Le ministre délégué auprès du Premier ministre chargé des affaires économiques et générales sort le grand jeu. A peine le dossier des huiles de table bouclé avec le rapport sur le litige Savola-Lesieur, qui devrait voir le jour d’ici fin décembre, le voilà qui s’attaque à trois autres secteurs et non des moindres. Rachid Talbi Alami vient en effet de diligenter des enquêtes pour entrave à la libre-concurrence dans les secteurs du ciment, de la plasturgie et de la levure. L’annonce de cette opération d’envergure a fait l’effet d’un séisme chez les opérateurs concernés. Les équipes de M. Talbi Alami, dont le département est investi de l’autorité de la concurrence, auront donc la lourde tâche d’enquêter sur la véracité ou non des plaintes dont font l’objet ces industriels.
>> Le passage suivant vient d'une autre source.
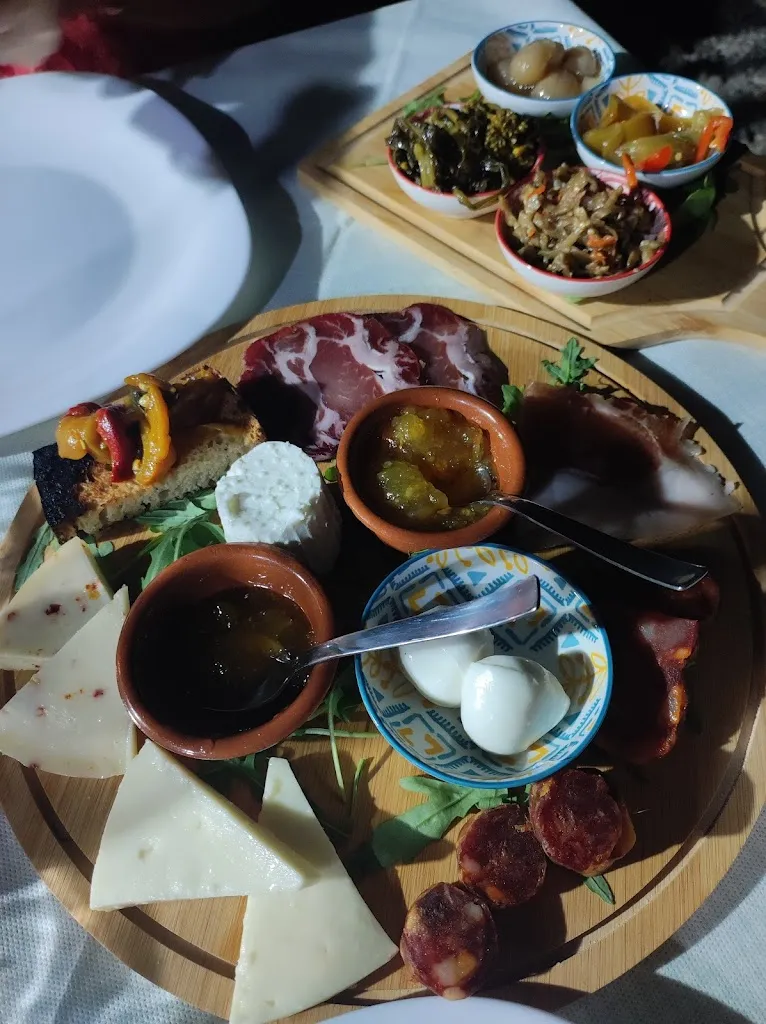 Claudia M._La Baita_Carolei_review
Pour le premier secteur, celui de la plasturgie, une plainte a été déposée, début novembre, par un groupe d’opérateurs qui dénonce des pratiques anticoncurrentielles. Parmi les entreprises à l’origine de cette initiative figurent Plastima et Ifriquia Plastic. Au banc des accusés, la Snep, du groupe Chaâbi. Selon Abderrahmane Ouali, conseiller de Plastima, «les entreprises plaignantes sont contraintes de s’approvisionner auprès de la Snep en raison de la protection douanière dont cette dernière bénéficie». Les industriels demandent de ramener les droits de douane à 10 % au lieu des 25 % appliqués actuellement «en vertu d’un décret datant de juin 2001 et portant sur l’importation de matières premières par les industriels marocains». Néanmoins, cette requête ne semble pas faire l’unanimité dans le secteur. D’autres industriels se rangent, eux, du côté du groupe Ynna. «Il est vrai que nous demandions depuis 2001 une libéralisation des importations. Malheureusement, le gouvernement n’a pas donné suite à notre doléance en temps opportun. Aujourd’hui, cette requête n’a plus de sens. Si Chaâbi est écarté, ce sera au tour des Chinois, qui ont déjà mis à genoux les industriels européens, d’envahir le marché national».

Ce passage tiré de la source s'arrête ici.